# We are the Queen!



## Tom (May 28, 2013)

Does anyone know why Western European monarchs refered to themselves in the plural? As an ignorant Yankee I'm not well versed in the (seemingly ridiculous and pointless) traditions of royalty.


----------



## Feo Takahari (May 28, 2013)

The idea seems to be that the Queen speaks not for herself, but for the entire country she lives to represent.


----------



## CupofJoe (May 28, 2013)

I think it has to do with their personification of the nation-state as King or Queen. They were the country, the people and the leader...
I'm fairly sure that the Roman Emperors were afflicted with the same ego...


----------



## A. E. Lowan (May 28, 2013)

I believe the Pope did (does?) it, as well.


----------



## Tom (May 28, 2013)

That makes sense...but can you imagine how hard it would be to get used to saying 'we' instead of 'I'!?

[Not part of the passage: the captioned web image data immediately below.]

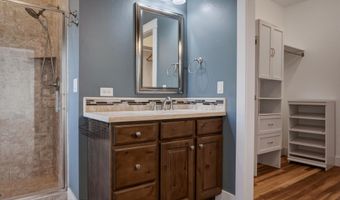 216 COLUMBINE St, Alpine, WY 83128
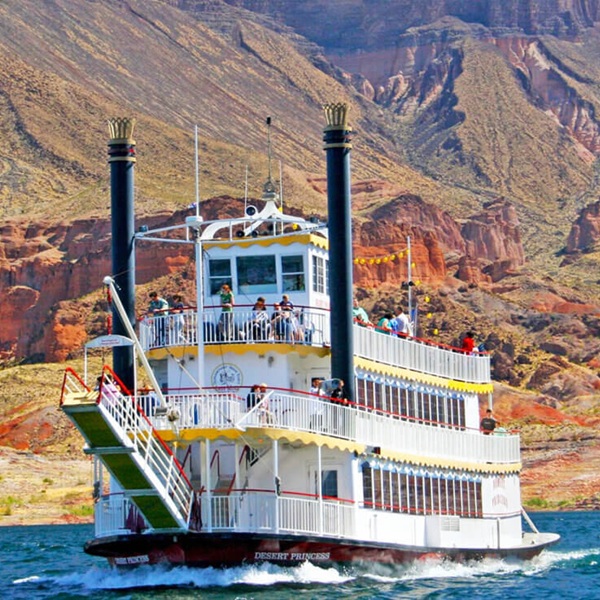 Lake Mead National Recreation Area borders the city, offering opportunities for boating, fishing, kayaking, hiking, and wildlife viewing. 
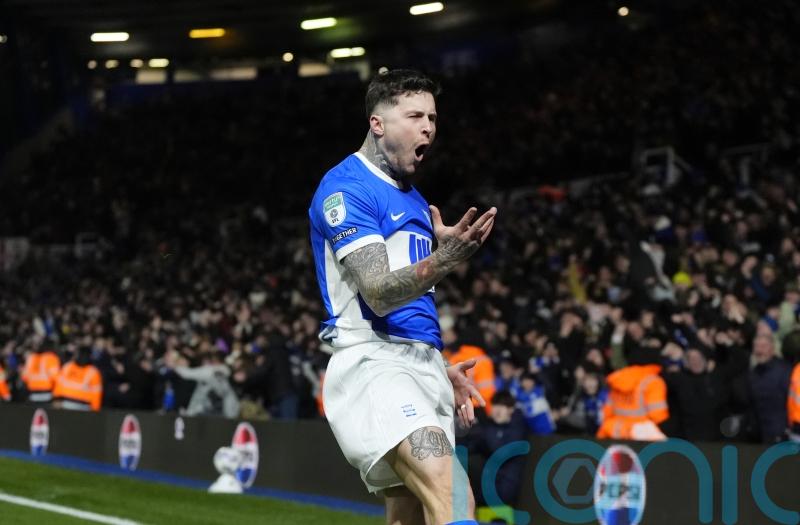 Late Lyndon Dykes goal gives Birmingham victory over Swansea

Try it for an hour. I dare ya.


----------



## Abbas-Al-Morim (May 28, 2013)

It's called the *pluralis maiestatis* and it denotes that the king is the land and the land is the king. The king speaks for all his subjects. It takes some getting used to but most kings had a rather large self-image and they felt very royal. So to emphasize their rank, they'd try their very best to say "we"!

EDIT: I also forgot to mention that some sources say the pluralis maiestatis was used because the king speaks for himself and for God (since he is the servant of God on Earth and represents him to the people). So we would then mean "I and God say..."


----------



## CupofJoe (May 29, 2013)

It would also make sense [in context] that the Monarch refers to themselves as "One" ["One wonders why...?"] when speaking personally to distinguish those comments from anything they say in their role as the head of state/religion etc.


----------



## Tom (May 29, 2013)

One wonders why, though. Doesn't one?


----------



## Graylorne (May 29, 2013)

In medieval times there wasn't something like national identity. Commoners saw no further than their own community, all the rest were foreigners.  

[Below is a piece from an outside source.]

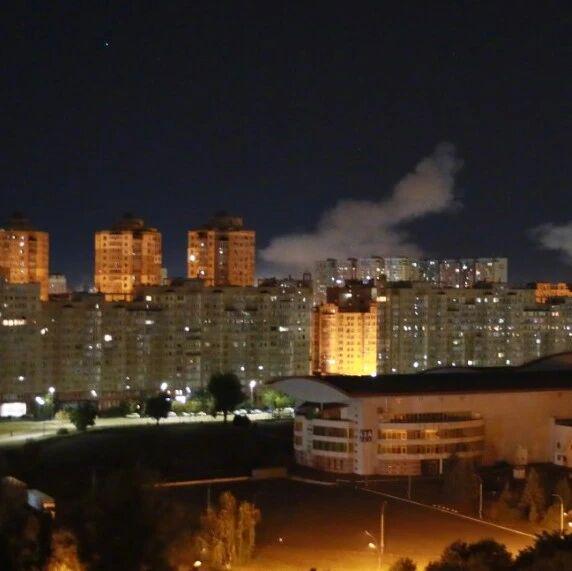 俄军米格-31战机凌晨升空 向基辅发射多枚导弹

This was not so strange, as loyalty was strictly a *personal *thing between King and Duke, Duke and Baron, Baron and commoner, sworn with holy oaths and based on mutual obligations.

England for all practical purposes was the personal property of it's king, lend out in bits to his nobles. This had nothing to do with ego, it was the way things were.
If someone in those days said 'France' or 'England', they meant the king, not the country. Likewise 'York', 'Guyenne', was the Duke, not the duchy. If Henry V was at war with France, it was with France the king _in person_, not France the country as a whole. Medieval wars were always between persons.

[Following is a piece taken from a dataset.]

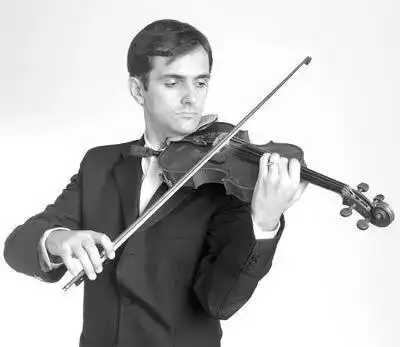 小提琴正确的演奏姿势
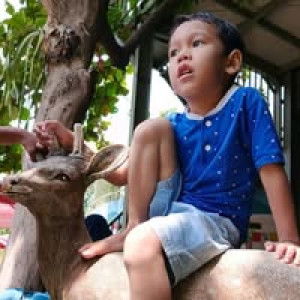 Neneng Andriyani profile icon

Seen like that, We, King of England = England the man and all his followers = plural.


----------



## skip.knox (Jun 8, 2013)

Can anyone put a date to the use of the royal plural? I don't find it being used in, say, Carolingian times.


----------



## adampjr (Jun 8, 2013)

Examples here:
Majestic plural - Wikipedia, the free encyclopedia


----------



## skip.knox (Jun 9, 2013)

Thanks for the Wikipedia reference, but that article was too weak to be useful. The sub-title that says "Western usage" in fact only treats of England, and there all the citations are either missing or inadequate.  If Longchamp was indeed following papal usage, then we would want to know when the popes started doing it. And we would want to know if a similar practice was followed in Spain or German or France or Poland or Denmark or....

Also, the author's reference to grammatical factors (the T-V distinction) is just plain goofy. The tu-vous distinction is all in the singular.

In short, if anyone has further references on this matter of the "royal we" I should be glad to hear of them.


----------



## Graylorne (Jun 12, 2013)

I found a relevant discussion (from 2008!) here: Majestic Plural or the Royal "We" (pluralis majestatis) - WordReference Forums

It brings the origins of 'Royal We' further back than the popes.


----------



## skip.knox (Jun 12, 2013)

>I found a relevant discussion (from 2008!) here: Majestic Plural or the Royal "We" (pluralis majestatis) - WordReference Forums

That is a great reference!  I read the article on the Greek (I can't read Greek but you don't really need to for the article) and all the discussions. Especially toward the end, there's some excellent information. I'll summarize what I think is most significant.

1. There's clear evidence of the majestic plural in the Old Testament.
2. It seems very likely that use of the majestic plural by rulers came from Ptolemaic Egypt into the Eastern Roman Empire (documented in 4thc), and spread from there.

As an addendum, there's quite a bit of information indicating that the use of the plural to refer to oneself was not uncommon. Iin the thread Cicero and Homer are both mentioned. I have found that in many places we moderns draw much sharper lines, not just in language but in many places, than people in ancient or medieval times did. This tends to confuse and even distress my students, and I suspect it's one reason why people often ascribe clear rules and hierarchies to medieval practices that are entirely inappropriate.  OK, that's more of an aside now. I'd better stop.


----------